Unfortunately, the NIC drivers are not configured for this boot flash, so I can't copy and past the console output.
-
@mpyusko I'm surprised that the host is "rebooting" even after having in "safe-mode" thats not expected behavior.
Step1:
I know only one situation in earlier Xen days (3.x) when BIOS CPU C-states were causing CPU to black out, resulting an undetectable crash.

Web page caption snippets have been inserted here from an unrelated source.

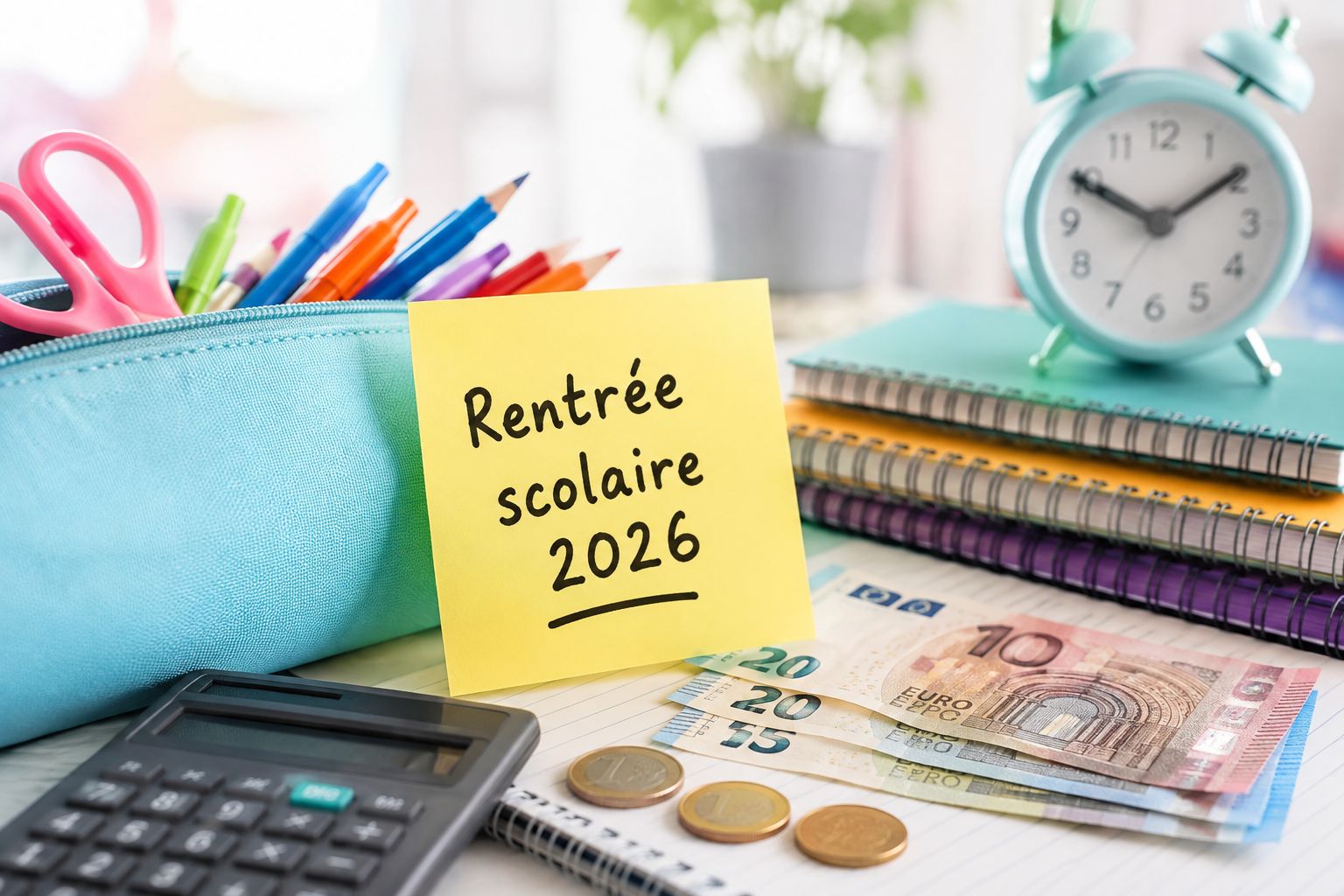 Date allocation rentrée scolaire 2026 : quand la CAF va payer ?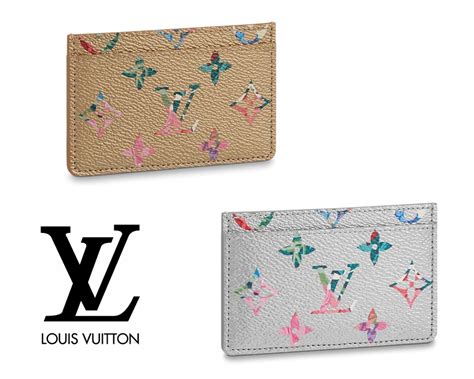 louis vuitton card holer|louis vuitton card holder collection.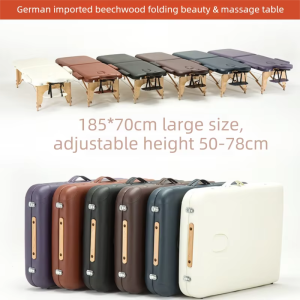 Mnee | Folding Portable Massage Bed Beauty Body Tuina Acupuncture Tattoo Bed
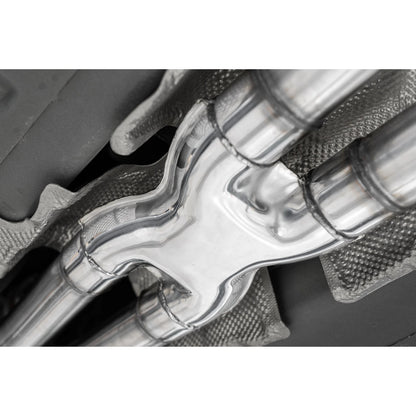 MBRP 2.5in. Aluminized Dual Rear Exit Catback Exhaust | Dodge Challenger 3.6L (15-21) (S7111AL)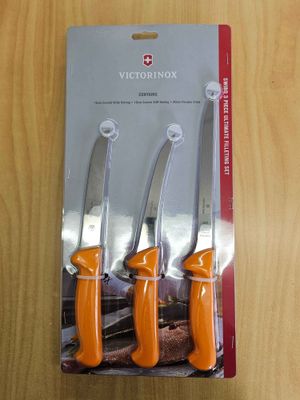 Victorinox SWIBO 3pc Ultimate Filleting Set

To rule this out, please set your server to "performance mode" from BIOS so that it does not try to enter in power save mode randomly.Step2:
Please have your grub Xen line updated as
multiboot2 /boot/xen.gz noreboot no-mce ....
Step3:
A newer version of driver is released on 12 Sept, 07.707.00.00. I'll make that available for you to isolate the "driver" to be the reason for crash.Step4:
I have a test kernel which may fix this issue - or at least help us isolate "kernel" to be the reason for crash.[root@xcp-ng-kernel ~]# modinfo /usr/lib/modules/4.9.133/kernel/drivers/scsi/megaraid/megaraid_sas.ko | grep -i ver filename: /usr/lib/modules/4.9.133/kernel/drivers/scsi/megaraid/megaraid_sas.ko description: Avago MegaRAID SAS Driver version: 06.811.02.00-rc1 srcversion: E452D341082401C48444BC7 vermagic: 4.9.133 SMP mod_unload modversions [root@xcp-ng-kernel ~]# uname -a Linux xcp-ng-kernel 4.9.133 #1 SMP Sun Oct 14 15:48:31 UTC 2018 x86_64 x86_64 x86_64 GNU/Linux [root@xcp-ng-kernel ~]#
-
@olivierlambert It will be. Kali with 4.15 and Debian with 4.9 both do not exhibit the issue. However Xenserver and XCP-ng both do. I'd be interested to compare their compiler settings as to what they do and do not include.